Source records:

---

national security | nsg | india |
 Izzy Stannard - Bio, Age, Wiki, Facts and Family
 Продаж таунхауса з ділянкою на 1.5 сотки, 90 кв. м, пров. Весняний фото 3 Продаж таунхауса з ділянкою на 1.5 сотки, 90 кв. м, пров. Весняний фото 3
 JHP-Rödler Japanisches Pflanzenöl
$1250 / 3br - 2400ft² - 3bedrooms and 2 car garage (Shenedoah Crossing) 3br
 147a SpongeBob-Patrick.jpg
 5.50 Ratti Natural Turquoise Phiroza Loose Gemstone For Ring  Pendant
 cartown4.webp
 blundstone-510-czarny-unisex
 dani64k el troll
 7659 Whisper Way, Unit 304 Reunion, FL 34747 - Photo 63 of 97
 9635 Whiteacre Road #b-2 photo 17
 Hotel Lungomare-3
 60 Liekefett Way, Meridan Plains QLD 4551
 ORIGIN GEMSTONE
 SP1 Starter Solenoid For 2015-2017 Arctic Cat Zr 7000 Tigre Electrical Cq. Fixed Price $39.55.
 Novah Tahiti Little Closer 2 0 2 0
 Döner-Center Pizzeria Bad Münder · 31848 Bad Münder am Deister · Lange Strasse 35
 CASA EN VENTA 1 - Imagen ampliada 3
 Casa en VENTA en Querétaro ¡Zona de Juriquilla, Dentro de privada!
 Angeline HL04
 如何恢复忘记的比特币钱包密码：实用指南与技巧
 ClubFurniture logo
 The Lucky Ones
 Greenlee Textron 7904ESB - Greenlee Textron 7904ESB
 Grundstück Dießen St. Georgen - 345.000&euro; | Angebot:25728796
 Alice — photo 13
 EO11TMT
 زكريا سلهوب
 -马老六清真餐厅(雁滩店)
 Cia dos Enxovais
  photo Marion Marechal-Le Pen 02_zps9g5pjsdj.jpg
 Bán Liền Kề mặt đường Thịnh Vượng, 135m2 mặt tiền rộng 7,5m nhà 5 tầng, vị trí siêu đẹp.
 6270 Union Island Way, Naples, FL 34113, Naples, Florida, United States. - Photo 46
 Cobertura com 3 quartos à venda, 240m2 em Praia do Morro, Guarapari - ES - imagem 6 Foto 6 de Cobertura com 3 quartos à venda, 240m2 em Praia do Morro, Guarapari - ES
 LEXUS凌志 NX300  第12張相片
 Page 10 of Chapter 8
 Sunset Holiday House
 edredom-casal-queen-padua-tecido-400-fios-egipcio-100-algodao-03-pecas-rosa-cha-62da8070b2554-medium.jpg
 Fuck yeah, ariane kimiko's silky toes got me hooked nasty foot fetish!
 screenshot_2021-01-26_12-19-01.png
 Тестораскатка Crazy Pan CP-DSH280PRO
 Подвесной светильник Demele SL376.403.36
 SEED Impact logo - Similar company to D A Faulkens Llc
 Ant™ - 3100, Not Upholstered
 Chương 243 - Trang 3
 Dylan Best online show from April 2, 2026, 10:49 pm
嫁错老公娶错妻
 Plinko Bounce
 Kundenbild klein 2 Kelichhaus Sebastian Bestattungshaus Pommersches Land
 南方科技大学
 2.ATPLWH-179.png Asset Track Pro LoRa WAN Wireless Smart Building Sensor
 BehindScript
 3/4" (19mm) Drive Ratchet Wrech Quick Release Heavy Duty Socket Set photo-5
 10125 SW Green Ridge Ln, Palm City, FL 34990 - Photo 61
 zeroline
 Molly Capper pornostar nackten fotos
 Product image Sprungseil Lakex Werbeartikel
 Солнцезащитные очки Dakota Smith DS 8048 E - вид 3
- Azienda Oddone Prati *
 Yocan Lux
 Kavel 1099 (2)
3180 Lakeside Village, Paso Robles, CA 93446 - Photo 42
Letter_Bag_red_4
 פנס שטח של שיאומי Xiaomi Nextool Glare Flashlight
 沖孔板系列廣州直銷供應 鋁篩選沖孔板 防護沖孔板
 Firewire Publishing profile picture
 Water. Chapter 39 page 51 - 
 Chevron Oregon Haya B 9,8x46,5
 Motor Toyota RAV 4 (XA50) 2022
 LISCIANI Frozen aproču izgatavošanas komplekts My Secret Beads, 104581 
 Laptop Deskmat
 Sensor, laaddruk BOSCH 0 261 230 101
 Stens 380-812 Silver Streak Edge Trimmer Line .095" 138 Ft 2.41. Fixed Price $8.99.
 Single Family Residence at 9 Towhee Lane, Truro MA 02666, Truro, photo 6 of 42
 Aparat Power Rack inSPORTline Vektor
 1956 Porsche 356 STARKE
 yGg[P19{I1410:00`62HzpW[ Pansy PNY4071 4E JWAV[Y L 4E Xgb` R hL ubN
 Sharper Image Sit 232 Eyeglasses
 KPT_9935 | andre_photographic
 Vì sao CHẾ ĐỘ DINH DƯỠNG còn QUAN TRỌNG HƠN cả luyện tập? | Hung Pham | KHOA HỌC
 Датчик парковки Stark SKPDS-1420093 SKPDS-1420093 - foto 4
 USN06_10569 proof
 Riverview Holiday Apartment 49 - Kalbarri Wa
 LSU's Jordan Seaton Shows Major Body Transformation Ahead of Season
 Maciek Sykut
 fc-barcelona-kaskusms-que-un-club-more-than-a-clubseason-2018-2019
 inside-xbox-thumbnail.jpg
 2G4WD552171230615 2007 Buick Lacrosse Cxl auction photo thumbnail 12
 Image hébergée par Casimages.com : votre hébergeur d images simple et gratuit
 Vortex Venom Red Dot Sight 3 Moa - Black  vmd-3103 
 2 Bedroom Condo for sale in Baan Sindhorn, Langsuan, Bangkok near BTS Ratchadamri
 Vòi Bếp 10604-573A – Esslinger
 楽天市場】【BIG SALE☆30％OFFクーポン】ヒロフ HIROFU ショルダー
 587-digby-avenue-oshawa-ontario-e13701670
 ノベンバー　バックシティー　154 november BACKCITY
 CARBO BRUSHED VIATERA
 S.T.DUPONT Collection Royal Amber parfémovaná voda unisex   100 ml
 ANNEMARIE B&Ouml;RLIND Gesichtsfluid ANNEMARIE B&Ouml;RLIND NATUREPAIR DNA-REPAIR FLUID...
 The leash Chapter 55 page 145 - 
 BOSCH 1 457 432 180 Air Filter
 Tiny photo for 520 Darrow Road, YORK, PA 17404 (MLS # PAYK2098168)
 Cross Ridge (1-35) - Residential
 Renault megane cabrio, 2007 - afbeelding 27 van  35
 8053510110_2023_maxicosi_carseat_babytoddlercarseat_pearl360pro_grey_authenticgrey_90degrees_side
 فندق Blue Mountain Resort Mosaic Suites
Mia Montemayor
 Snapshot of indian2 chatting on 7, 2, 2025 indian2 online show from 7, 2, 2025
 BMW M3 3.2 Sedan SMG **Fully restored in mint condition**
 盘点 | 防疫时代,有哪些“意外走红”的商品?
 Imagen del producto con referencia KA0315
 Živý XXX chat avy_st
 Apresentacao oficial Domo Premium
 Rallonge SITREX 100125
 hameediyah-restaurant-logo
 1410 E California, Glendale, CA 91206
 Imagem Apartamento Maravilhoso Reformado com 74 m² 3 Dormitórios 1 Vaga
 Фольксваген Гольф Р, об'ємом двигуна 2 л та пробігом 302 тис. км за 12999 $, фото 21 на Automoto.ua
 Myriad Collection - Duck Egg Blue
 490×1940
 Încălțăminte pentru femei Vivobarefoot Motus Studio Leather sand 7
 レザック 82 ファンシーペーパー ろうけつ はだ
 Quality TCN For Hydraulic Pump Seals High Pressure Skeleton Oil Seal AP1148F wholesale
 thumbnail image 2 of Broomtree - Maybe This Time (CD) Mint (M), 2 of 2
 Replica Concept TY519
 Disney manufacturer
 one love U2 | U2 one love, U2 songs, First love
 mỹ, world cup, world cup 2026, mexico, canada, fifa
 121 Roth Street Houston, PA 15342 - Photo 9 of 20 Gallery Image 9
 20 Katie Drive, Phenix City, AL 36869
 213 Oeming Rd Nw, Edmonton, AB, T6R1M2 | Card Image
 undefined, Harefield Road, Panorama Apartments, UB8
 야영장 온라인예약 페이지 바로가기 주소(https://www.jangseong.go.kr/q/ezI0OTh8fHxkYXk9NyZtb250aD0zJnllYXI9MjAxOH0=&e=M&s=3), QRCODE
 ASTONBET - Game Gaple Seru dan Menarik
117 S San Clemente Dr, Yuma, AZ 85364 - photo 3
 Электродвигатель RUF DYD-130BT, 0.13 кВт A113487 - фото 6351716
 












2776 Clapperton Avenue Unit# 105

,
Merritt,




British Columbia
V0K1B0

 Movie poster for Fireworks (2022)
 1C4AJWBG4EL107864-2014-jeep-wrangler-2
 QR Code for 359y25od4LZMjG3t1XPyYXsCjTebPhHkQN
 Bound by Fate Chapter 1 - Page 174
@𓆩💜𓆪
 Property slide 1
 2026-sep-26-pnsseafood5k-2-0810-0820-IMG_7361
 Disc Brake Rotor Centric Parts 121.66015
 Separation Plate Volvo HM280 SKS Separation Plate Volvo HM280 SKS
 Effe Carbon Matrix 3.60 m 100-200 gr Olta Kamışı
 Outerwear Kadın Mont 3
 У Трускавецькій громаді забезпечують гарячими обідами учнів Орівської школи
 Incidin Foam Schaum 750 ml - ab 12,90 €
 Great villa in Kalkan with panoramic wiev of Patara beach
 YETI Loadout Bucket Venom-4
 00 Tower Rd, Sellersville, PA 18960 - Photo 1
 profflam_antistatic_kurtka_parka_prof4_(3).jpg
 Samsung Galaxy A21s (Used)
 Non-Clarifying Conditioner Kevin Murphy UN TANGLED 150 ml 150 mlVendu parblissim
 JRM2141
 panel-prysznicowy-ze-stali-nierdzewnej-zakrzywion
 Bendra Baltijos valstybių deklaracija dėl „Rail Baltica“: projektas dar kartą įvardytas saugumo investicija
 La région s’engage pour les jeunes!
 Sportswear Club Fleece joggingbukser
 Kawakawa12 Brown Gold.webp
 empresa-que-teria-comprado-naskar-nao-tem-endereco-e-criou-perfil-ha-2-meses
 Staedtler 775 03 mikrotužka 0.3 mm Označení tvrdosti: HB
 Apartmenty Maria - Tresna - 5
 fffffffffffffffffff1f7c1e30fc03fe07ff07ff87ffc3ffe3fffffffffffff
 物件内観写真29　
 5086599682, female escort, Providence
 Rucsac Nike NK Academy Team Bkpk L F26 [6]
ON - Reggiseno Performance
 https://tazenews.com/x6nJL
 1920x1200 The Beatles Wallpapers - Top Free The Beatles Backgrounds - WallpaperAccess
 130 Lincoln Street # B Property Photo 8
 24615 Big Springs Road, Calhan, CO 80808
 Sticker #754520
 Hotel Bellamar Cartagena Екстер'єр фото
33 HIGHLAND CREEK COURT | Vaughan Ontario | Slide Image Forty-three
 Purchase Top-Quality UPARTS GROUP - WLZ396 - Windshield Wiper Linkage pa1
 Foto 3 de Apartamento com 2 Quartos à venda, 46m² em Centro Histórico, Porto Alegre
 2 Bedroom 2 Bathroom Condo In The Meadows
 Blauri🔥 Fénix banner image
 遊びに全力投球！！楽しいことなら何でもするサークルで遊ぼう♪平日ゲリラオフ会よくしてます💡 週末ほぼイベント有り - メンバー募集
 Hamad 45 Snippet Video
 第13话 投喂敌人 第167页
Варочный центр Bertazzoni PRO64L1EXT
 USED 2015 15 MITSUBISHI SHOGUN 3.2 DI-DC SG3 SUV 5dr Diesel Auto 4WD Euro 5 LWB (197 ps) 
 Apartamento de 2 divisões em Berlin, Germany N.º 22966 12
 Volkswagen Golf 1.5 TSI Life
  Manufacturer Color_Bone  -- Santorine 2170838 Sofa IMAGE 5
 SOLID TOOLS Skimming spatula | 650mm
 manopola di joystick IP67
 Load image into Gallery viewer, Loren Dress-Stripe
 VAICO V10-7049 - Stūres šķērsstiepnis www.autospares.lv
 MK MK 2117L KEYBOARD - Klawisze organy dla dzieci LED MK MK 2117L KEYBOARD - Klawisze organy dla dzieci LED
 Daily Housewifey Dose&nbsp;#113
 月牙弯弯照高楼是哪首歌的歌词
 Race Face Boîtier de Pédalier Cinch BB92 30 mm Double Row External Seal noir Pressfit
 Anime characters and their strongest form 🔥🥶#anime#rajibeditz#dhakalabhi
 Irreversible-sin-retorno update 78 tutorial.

---

■ What needs to be done ■
One stretch of the lines above is wanted, from the line that contains "profflam_antistatic_kurtka_parka_prof4_(3).jpg" through the line that contains "Blauri🔥 Fénix banner image". Output it exactly.

■ Output below ■
 profflam_antistatic_kurtka_parka_prof4_(3).jpg
 Samsung Galaxy A21s (Used)
 Non-Clarifying Conditioner Kevin Murphy UN TANGLED 150 ml 150 mlVendu parblissim
 JRM2141
 panel-prysznicowy-ze-stali-nierdzewnej-zakrzywion
 Bendra Baltijos valstybių deklaracija dėl „Rail Baltica“: projektas dar kartą įvardytas saugumo investicija
 La région s’engage pour les jeunes!
 Sportswear Club Fleece joggingbukser
 Kawakawa12 Brown Gold.webp
 empresa-que-teria-comprado-naskar-nao-tem-endereco-e-criou-perfil-ha-2-meses
 Staedtler 775 03 mikrotužka 0.3 mm Označení tvrdosti: HB
 Apartmenty Maria - Tresna - 5
 fffffffffffffffffff1f7c1e30fc03fe07ff07ff87ffc3ffe3fffffffffffff
 物件内観写真29　
 5086599682, female escort, Providence
 Rucsac Nike NK Academy Team Bkpk L F26 [6]
ON - Reggiseno Performance
 https://tazenews.com/x6nJL
 1920x1200 The Beatles Wallpapers - Top Free The Beatles Backgrounds - WallpaperAccess
 130 Lincoln Street # B Property Photo 8
 24615 Big Springs Road, Calhan, CO 80808
 Sticker #754520
 Hotel Bellamar Cartagena Екстер'єр фото
33 HIGHLAND CREEK COURT | Vaughan Ontario | Slide Image Forty-three
 Purchase Top-Quality UPARTS GROUP - WLZ396 - Windshield Wiper Linkage pa1
 Foto 3 de Apartamento com 2 Quartos à venda, 46m² em Centro Histórico, Porto Alegre
 2 Bedroom 2 Bathroom Condo In The Meadows
 Blauri🔥 Fénix banner image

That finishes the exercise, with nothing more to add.